▸ WHAT IS REQUIRED:
Lines before the one containing "Una cabina del" are not wanted. Transcribe that line and all after it exactly, to the end of the entries.

Scraped caption text data:
= Beginning of Section =
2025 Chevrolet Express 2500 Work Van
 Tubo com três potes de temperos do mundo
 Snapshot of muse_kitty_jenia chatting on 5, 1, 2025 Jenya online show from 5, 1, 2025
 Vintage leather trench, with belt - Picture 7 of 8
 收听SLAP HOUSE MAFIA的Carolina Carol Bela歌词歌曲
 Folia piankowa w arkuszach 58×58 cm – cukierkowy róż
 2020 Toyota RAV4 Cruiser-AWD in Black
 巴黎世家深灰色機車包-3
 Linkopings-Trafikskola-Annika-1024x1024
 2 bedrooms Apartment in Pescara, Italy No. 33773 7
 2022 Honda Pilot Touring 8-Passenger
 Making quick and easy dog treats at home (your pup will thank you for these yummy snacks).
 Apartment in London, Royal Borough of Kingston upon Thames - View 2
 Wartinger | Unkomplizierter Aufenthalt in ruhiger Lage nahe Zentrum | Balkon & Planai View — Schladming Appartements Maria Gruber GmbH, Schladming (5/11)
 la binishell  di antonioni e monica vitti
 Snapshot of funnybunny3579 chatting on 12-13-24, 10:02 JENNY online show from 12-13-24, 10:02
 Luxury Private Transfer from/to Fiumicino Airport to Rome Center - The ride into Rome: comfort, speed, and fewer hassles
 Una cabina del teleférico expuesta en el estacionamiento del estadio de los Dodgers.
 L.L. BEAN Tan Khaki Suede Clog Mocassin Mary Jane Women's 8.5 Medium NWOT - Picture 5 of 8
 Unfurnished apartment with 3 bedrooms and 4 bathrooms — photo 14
= End of Section =
▸ SOLUTION TO THE PROBLEM:
 Una cabina del teleférico expuesta en el estacionamiento del estadio de los Dodgers.
 L.L. BEAN Tan Khaki Suede Clog Mocassin Mary Jane Women's 8.5 Medium NWOT - Picture 5 of 8
 Unfurnished apartment with 3 bedrooms and 4 bathrooms — photo 14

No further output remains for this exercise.